Some further remarks to the variants we used for benchmarking:
(1) Ethan Nicholas says that “softly reachable objects are generally retained as long as memory is in plentiful supply. This makes them an excellent foundation for a cache”. The results confirm this citation.
(2) With a ReferenceQueue, the disposal of strings also disposes their keys in the map, so the garbage collector is capable of entirely wiping the string cache if necessary. Fortunately, this overhead does not have significant impact on performance – it even performs better than without key disposal.
(3) If memory gets sparse, weak and soft references are disposed by the garbage collector. But what if the most recently used strings would remain in memory anyhow? We used a hard cache to test this setting. Unfortunately, this does not yield any better performance. So we can omit this overhead.
Some words about additional memory consumption by the cache keys:
The life cycle of the string cache is bound to the life cycle of the indexer for a particular project. So the entire cache is discarded as soon as the indexer is discarded for a project. During the indexing task, however, the cache will be filled with keys (long pointers) to the cached strings which are wrapped in weak or soft references. So whenever the heap size becomes sparse, the garbage collector may dispose the cached strings (which happened between 2 and 90 times in the benchmarks above). When the indexer was done with the AUTOSAR project, the map had around 60.000 keys and only 2.000 cached strings, the rest was garbage collected. Without disposing the keys, memory consumption for these keys is 60.000 * 8 Byte (long value) = 480 KB, which is less than 1/500 of the default indexer cache size. IMHO, this temporary extra memory is more than tolerable for the achieved performance boost. Fortunately, the extra logic for disposing keys via a ReferenceQueue
does not affect the performance at all, so it does not hurt to clean that up, too :-)

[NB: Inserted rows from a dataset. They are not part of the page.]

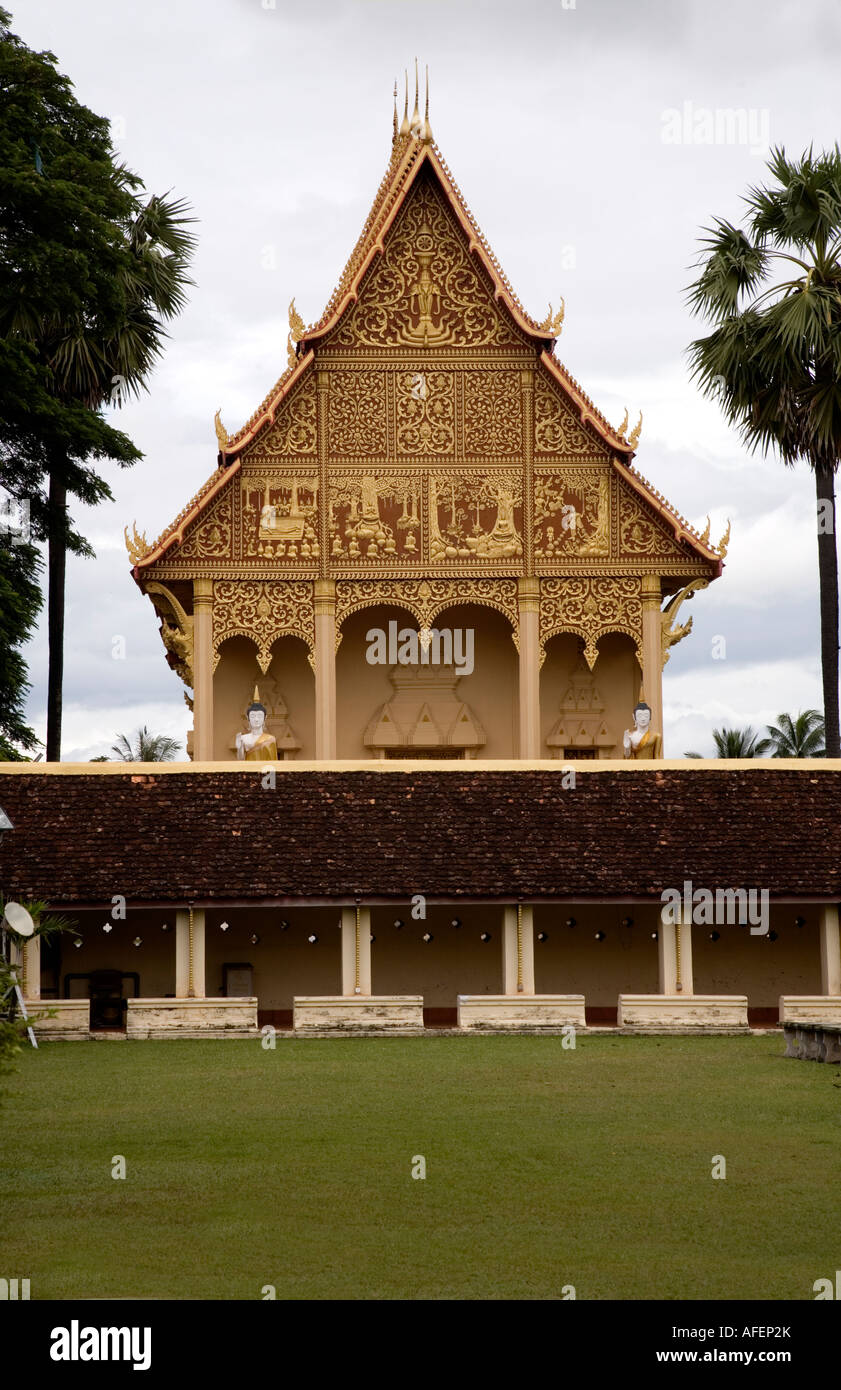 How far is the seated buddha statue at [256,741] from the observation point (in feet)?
99.3

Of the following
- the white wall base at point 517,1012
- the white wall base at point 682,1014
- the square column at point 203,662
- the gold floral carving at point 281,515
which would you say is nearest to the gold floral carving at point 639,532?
the gold floral carving at point 281,515

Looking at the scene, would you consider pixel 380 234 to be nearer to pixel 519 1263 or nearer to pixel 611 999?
pixel 611 999

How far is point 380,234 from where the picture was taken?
32.3 meters

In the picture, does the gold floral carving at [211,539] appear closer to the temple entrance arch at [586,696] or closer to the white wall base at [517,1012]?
the temple entrance arch at [586,696]

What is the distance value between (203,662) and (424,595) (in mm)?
3728

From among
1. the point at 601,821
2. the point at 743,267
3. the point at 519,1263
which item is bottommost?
the point at 519,1263

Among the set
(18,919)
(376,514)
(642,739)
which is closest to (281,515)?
(376,514)

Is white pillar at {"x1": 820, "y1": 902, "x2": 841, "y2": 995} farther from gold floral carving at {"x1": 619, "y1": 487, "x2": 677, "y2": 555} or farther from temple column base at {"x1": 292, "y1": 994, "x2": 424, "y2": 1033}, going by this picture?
gold floral carving at {"x1": 619, "y1": 487, "x2": 677, "y2": 555}

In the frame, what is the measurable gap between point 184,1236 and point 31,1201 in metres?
1.69

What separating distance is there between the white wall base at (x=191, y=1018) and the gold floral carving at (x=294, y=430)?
10879 mm

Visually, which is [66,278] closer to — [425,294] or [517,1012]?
[425,294]

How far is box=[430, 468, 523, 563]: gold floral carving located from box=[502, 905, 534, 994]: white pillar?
783 centimetres

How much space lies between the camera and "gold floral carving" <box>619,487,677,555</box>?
105 ft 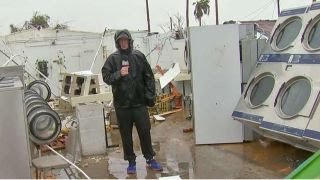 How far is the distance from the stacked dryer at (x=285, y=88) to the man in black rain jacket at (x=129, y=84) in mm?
1667

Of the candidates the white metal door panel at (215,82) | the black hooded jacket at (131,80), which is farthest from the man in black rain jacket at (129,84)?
the white metal door panel at (215,82)

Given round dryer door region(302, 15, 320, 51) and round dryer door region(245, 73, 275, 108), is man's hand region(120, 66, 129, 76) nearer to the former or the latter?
round dryer door region(245, 73, 275, 108)

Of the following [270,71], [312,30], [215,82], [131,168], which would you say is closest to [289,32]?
[312,30]

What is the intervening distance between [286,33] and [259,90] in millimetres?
968

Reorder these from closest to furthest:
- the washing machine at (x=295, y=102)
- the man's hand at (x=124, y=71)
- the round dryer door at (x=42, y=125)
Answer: the round dryer door at (x=42, y=125), the washing machine at (x=295, y=102), the man's hand at (x=124, y=71)

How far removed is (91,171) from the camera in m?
6.49

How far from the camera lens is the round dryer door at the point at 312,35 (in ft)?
20.5

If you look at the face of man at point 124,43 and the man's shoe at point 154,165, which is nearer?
the face of man at point 124,43

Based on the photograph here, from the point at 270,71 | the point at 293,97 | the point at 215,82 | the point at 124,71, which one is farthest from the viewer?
the point at 215,82

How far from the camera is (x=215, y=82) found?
24.3 feet

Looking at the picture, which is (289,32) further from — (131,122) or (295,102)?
(131,122)

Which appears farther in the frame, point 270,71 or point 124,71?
point 270,71

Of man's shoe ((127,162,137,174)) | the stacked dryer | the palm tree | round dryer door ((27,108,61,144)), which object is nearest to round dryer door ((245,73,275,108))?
the stacked dryer

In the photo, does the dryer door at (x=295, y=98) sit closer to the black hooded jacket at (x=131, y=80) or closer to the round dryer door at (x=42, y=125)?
the black hooded jacket at (x=131, y=80) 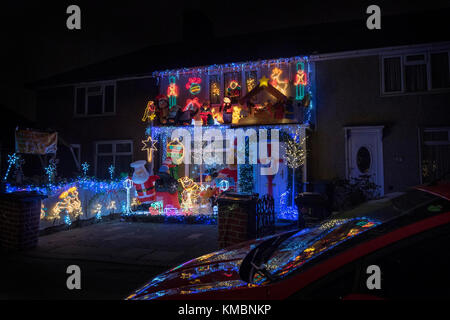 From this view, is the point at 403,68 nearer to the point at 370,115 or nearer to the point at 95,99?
the point at 370,115

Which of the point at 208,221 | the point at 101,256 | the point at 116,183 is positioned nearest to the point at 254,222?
the point at 101,256

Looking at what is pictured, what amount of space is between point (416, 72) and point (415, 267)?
11017 mm

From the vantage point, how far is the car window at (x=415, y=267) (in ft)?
5.07

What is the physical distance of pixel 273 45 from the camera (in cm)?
1334

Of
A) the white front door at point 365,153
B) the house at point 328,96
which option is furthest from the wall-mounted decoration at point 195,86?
the white front door at point 365,153

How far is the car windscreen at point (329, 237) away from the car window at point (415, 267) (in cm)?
22

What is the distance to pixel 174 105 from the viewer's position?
12.6 m

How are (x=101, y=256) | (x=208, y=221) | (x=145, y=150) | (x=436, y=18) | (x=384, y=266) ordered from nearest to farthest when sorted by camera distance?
1. (x=384, y=266)
2. (x=101, y=256)
3. (x=208, y=221)
4. (x=436, y=18)
5. (x=145, y=150)

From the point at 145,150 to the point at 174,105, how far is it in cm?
248

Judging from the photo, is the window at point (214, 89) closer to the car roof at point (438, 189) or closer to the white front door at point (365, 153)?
the white front door at point (365, 153)

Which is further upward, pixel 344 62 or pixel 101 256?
pixel 344 62

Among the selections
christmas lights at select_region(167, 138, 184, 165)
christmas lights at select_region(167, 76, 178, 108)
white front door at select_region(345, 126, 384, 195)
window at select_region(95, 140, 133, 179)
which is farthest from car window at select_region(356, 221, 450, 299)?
window at select_region(95, 140, 133, 179) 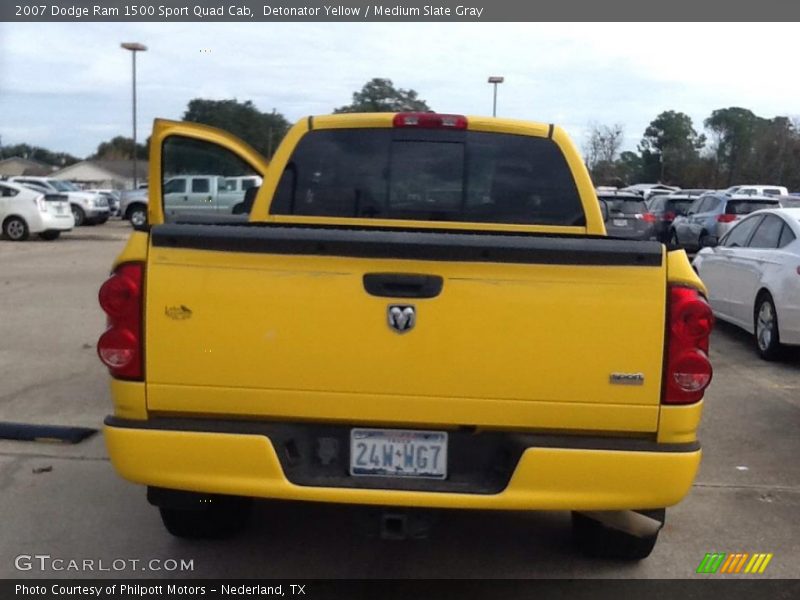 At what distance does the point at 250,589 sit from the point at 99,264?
1540 centimetres

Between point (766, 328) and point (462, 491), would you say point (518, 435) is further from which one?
point (766, 328)

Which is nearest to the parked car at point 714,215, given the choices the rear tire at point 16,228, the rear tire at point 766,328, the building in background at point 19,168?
the rear tire at point 766,328

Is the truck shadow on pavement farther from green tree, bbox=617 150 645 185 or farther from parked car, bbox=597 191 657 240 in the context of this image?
green tree, bbox=617 150 645 185

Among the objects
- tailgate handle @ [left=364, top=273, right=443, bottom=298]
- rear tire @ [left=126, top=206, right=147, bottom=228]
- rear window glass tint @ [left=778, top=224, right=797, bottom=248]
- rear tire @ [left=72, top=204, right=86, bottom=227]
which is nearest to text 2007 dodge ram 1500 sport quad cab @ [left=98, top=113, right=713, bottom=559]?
tailgate handle @ [left=364, top=273, right=443, bottom=298]

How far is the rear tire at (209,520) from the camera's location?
439 centimetres

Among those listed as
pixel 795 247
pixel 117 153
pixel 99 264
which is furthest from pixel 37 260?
pixel 117 153

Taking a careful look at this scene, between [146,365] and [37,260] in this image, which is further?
[37,260]

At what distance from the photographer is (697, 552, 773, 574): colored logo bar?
4.34 m

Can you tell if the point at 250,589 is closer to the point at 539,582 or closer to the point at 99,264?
the point at 539,582

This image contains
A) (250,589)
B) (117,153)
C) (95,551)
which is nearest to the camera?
(250,589)

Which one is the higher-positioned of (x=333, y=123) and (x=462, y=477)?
(x=333, y=123)

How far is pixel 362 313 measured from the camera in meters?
3.41

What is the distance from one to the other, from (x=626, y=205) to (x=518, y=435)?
1772cm

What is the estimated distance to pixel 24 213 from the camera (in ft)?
80.0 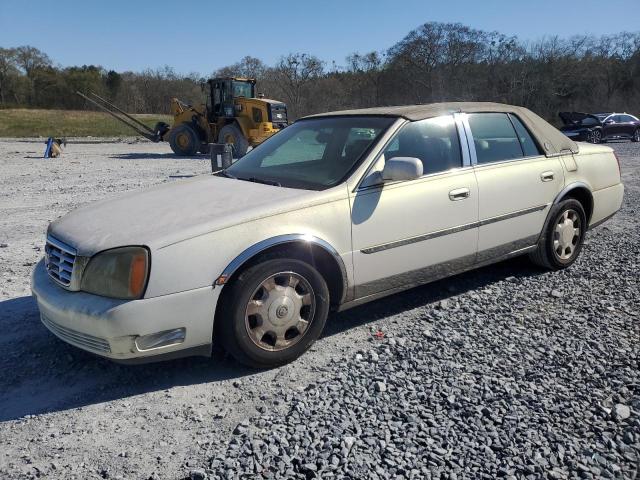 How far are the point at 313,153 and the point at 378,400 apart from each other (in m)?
2.30

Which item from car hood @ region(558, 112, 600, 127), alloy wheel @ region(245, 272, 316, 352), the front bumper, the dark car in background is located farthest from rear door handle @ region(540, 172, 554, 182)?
car hood @ region(558, 112, 600, 127)

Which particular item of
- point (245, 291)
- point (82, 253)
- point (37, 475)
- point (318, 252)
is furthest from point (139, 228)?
point (37, 475)

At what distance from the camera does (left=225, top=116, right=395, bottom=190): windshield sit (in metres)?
3.90

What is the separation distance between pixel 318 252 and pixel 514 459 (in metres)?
1.66

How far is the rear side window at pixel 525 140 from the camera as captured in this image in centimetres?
488

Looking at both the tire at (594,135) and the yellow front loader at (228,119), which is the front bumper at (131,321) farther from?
the tire at (594,135)

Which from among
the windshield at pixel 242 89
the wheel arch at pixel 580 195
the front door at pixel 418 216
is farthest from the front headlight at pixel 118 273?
the windshield at pixel 242 89

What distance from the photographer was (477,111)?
15.3ft

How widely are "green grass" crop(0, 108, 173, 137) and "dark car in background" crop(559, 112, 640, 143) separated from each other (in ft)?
89.2

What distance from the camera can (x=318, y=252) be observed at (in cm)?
350

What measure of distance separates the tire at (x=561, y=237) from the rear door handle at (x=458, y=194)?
45.4 inches

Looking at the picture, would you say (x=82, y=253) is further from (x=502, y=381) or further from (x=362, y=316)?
(x=502, y=381)

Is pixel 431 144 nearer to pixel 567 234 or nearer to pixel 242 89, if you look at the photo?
pixel 567 234

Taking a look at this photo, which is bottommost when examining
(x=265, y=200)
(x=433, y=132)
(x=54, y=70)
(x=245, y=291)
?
(x=245, y=291) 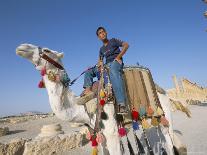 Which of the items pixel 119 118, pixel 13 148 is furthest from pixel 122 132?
pixel 13 148

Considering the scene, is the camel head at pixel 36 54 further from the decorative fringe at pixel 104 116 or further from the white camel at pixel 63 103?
the decorative fringe at pixel 104 116

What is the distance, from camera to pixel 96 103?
4617 millimetres

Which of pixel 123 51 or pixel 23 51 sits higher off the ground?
pixel 123 51

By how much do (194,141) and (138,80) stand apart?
5786 millimetres

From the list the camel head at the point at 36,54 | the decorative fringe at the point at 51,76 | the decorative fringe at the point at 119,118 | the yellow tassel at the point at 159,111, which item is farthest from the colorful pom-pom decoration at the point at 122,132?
the camel head at the point at 36,54

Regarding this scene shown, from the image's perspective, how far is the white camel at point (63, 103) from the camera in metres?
4.16

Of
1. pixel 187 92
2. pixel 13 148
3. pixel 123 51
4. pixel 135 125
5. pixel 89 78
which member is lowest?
pixel 13 148

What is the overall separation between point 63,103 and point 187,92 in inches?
1226

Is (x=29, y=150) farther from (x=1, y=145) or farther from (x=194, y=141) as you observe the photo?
(x=194, y=141)

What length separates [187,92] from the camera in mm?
33219

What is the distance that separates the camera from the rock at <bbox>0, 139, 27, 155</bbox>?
9734 mm

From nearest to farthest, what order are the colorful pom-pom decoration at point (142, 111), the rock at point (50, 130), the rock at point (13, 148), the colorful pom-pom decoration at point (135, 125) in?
the colorful pom-pom decoration at point (135, 125), the colorful pom-pom decoration at point (142, 111), the rock at point (13, 148), the rock at point (50, 130)

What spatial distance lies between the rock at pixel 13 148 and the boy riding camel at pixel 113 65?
6207 millimetres

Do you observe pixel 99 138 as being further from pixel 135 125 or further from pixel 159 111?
pixel 159 111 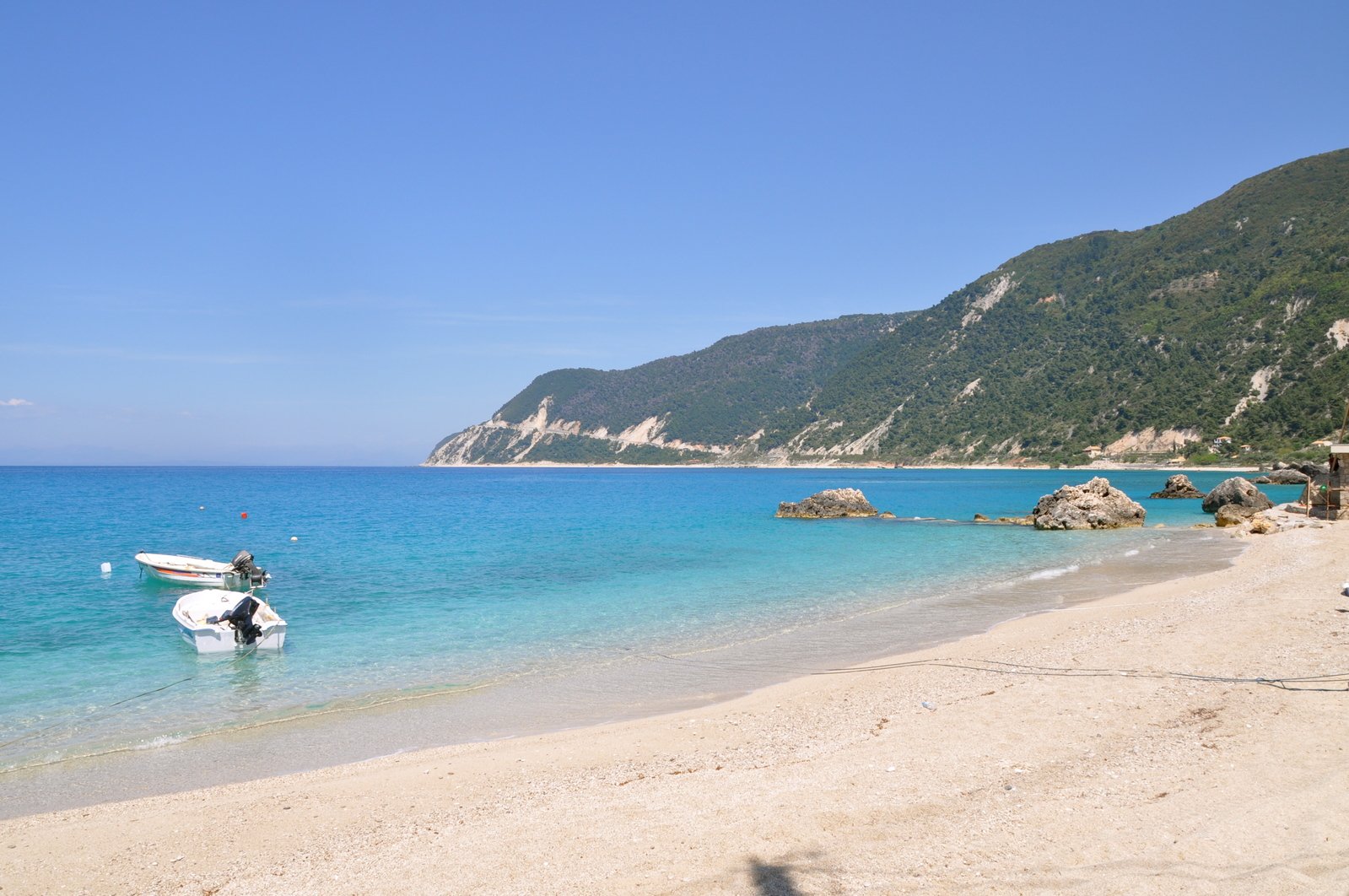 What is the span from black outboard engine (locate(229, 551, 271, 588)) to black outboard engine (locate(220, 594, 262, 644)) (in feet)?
21.2

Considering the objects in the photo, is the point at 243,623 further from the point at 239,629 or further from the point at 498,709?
the point at 498,709

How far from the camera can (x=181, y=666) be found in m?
14.2

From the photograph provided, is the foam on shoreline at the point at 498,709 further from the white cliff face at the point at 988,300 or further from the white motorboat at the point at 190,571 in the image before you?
the white cliff face at the point at 988,300

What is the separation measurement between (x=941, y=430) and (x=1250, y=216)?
5719 cm

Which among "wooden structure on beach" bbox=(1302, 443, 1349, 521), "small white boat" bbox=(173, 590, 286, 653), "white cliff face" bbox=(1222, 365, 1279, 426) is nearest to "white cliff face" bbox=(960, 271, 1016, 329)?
"white cliff face" bbox=(1222, 365, 1279, 426)

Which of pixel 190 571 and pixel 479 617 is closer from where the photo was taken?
pixel 479 617

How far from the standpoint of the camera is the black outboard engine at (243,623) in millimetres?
15211

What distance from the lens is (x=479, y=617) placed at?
61.4 ft

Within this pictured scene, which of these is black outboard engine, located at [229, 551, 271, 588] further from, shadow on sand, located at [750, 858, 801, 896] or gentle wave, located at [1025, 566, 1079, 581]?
gentle wave, located at [1025, 566, 1079, 581]

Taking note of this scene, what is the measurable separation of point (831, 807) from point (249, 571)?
65.9 feet

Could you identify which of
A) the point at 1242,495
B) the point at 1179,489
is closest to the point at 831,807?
the point at 1242,495

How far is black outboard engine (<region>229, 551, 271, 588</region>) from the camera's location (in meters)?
21.6

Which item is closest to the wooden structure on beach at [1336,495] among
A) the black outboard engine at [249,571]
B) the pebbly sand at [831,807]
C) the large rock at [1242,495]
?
the large rock at [1242,495]

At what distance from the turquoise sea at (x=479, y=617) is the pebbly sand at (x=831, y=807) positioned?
67.9 inches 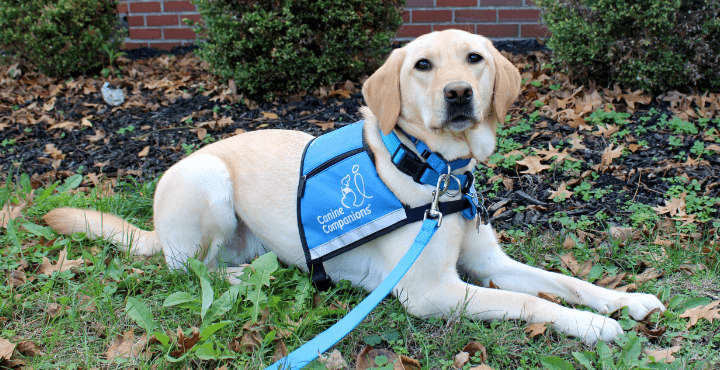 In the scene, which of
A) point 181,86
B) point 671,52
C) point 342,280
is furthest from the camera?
point 181,86

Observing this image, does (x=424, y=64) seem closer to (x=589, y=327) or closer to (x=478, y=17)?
(x=589, y=327)

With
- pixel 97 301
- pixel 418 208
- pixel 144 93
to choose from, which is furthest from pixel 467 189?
pixel 144 93

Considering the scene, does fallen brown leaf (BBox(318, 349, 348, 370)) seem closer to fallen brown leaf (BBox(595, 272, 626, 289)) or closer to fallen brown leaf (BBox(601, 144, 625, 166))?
fallen brown leaf (BBox(595, 272, 626, 289))

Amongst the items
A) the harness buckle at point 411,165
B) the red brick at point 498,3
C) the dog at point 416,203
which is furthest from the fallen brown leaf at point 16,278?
the red brick at point 498,3

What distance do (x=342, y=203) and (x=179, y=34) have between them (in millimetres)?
6568

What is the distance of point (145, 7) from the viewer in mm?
7930

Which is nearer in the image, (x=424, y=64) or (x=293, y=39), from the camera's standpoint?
(x=424, y=64)

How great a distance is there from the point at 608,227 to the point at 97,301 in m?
3.02

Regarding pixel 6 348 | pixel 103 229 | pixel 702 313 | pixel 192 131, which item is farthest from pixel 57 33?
pixel 702 313

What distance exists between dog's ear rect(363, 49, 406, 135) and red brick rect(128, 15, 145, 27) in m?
6.86

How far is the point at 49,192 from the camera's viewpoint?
3918mm

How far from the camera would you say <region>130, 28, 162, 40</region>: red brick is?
8.09 m

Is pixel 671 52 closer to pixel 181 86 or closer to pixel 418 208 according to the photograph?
pixel 418 208

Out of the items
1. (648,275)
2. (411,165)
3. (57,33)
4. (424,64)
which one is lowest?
(648,275) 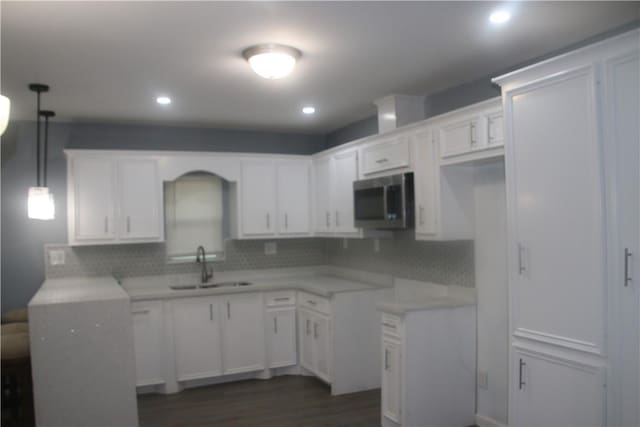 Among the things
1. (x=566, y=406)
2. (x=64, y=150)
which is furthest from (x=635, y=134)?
(x=64, y=150)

By the way, the modifications with the best results are provided in bug 514708.
For code with less includes and less macro definitions, the exact same problems may not arise, but maybe the string lookup inside the binary tree is still the bottleneck. Please leave some comments whether you have similar or maybe other observations. Do you have further ideas or experiences how to improve performance?